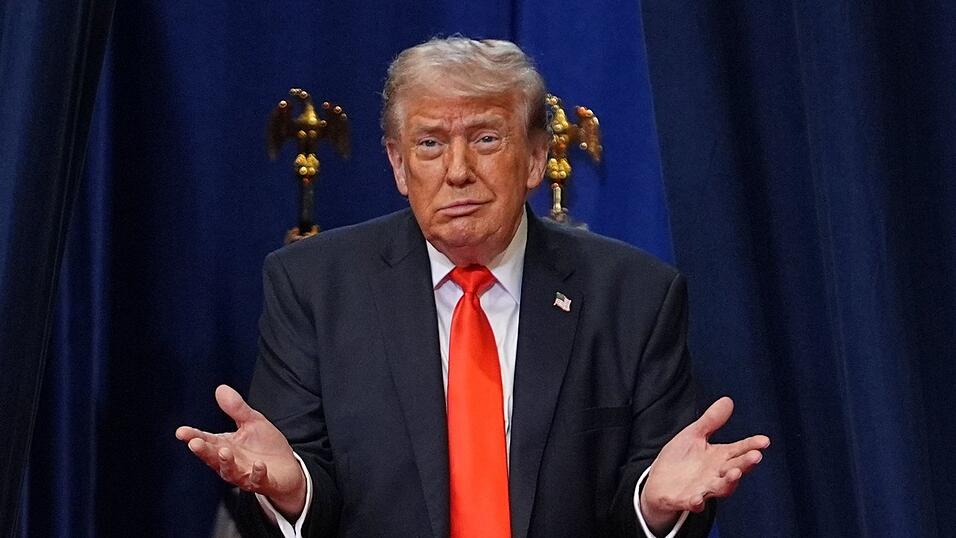 Nach der Drohung kommt der Aufschub f&uuml;r neue Z&ouml;lle: US-Pr&auml;sident Trump. (Archivfoto)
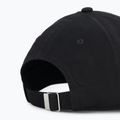 Cappellino con visiera Nike Jordan Club Unstructured Curved-Bill black/black 4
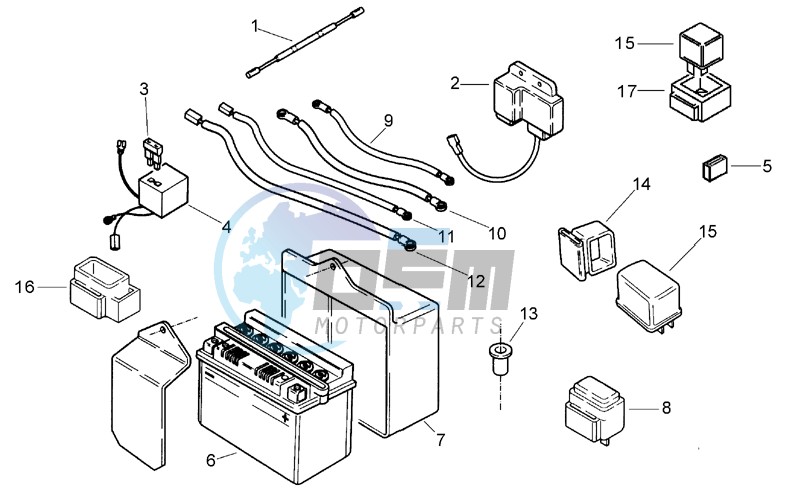 Electrical system I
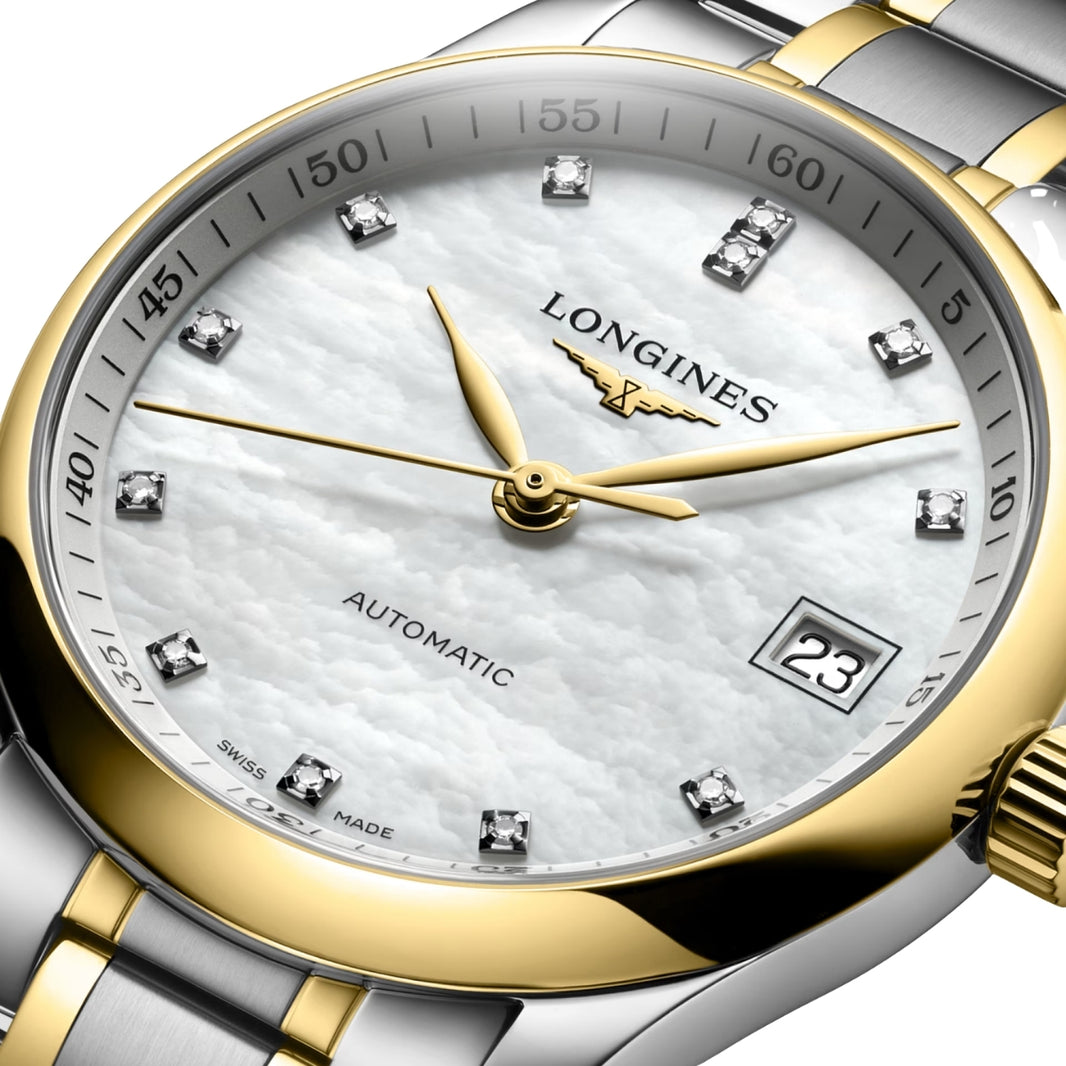 Longines White mother of pearl Women Watch L23575877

- Exercise aim
Reproduce the lines from the one with "Cappellino con visiera" through the end of the data, keeping both end lines, adding nothing, and dropping any pictures.

- Exercise solution
 Cappellino con visiera Nike Jordan Club Unstructured Curved-Bill black/black 4
 Electrical system I
 Longines White mother of pearl Women Watch L23575877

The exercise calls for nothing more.